Lab 4: Baby Names


In [ ]:
# Run this cell to set up the notebook.
import numpy as np
import pandas as pd
import seaborn as sns

import matplotlib
%matplotlib inline
import matplotlib.pyplot as plt

!pip install -U okpy
from client.api.notebook import Notebook
ok = Notebook('lab04.ok')

Today's lab has a few goals:

  1. Get more practice with Pandas and visualization code.
  2. Exercise some of the principles of visualization we've been learning about.
  3. Do some basic prediction and inference.

We'll be analyzing a dataset of names. The data were collected by the US Social Security Administration; it includes a large fraction of all people who were born in the United States in recent years. (Because it is based on official government records, the dataset includes some anachronisms, including binary sex classification and the use of the word "gender" rather than "sex." We've left it as we found it.)
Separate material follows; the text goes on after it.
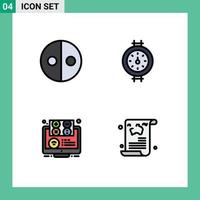 Universal Icon Symbols Group of 4 Modern Filledline Flat Colors of equality learning symbols pipe learning Editable Vector Design Elements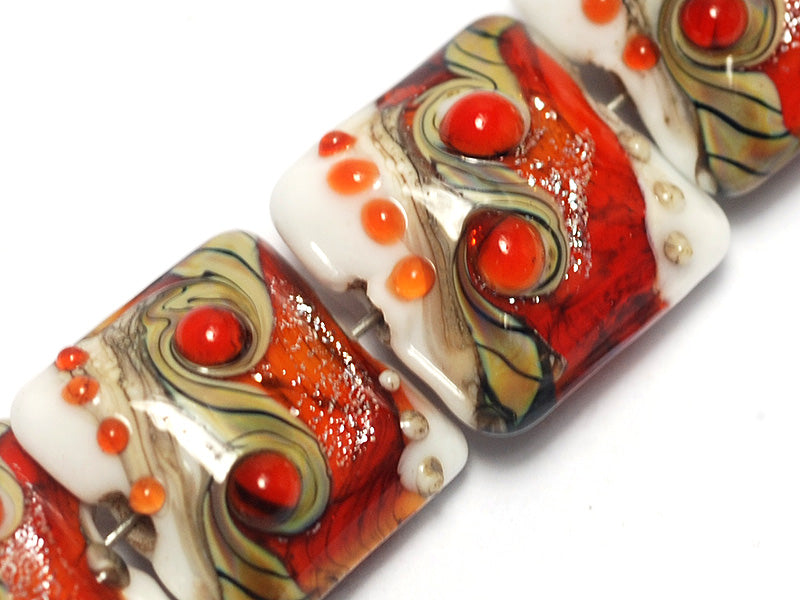 10705614 - Four Fire Red Stardust Pillow Beads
Note: Most of the plotting in this lab can be done with <DataFrame>.plot.<plot_method_name>. You can find the documentation for Pandas plotting here.

What's in a name database?

We've included several CSV and PDF files in names.zip. These files are from kaggle.com's site for this dataset. Peruse them to see what the data look like. Note that Kaggle seems to have modified the data format, so the PDF descriptions are not exactly accurate!


In [ ]:
!unzip -o names.zip

In [ ]:
names = pd.read_csv("NationalNames.csv")

In [ ]:
names.head()

EDA

Let's do some basic exploration.

Question 1

In the national database, how many people were recorded each year? Create an appropriate visualization.


In [ ]:
names.groupby("Year")["Count"].sum().plot.line(); #SOLUTION

Question 2

In the national database, among people born in the most recent year, what are the frequencies of the most common and least common names? Create appropriate visualizations.


In [ ]:
names_2014 = names[names['Year'] == 2014]
least_popular_2014 = names_2014.sort_values("Count").iloc[:20]
most_popular_2014 = names_2014.sort_values("Count").iloc[-20:]
least_popular_2014.plot.bar("Name", "Count")
most_popular_2014.plot.bar("Name", "Count");

Question 3

Using the plots you made in question 2, figure out one reason why the chart you made in question 1 probably understates the number of births per year in the US. Then find a source online listing US births by year and check whether - and by how much - the chart understates the number of births.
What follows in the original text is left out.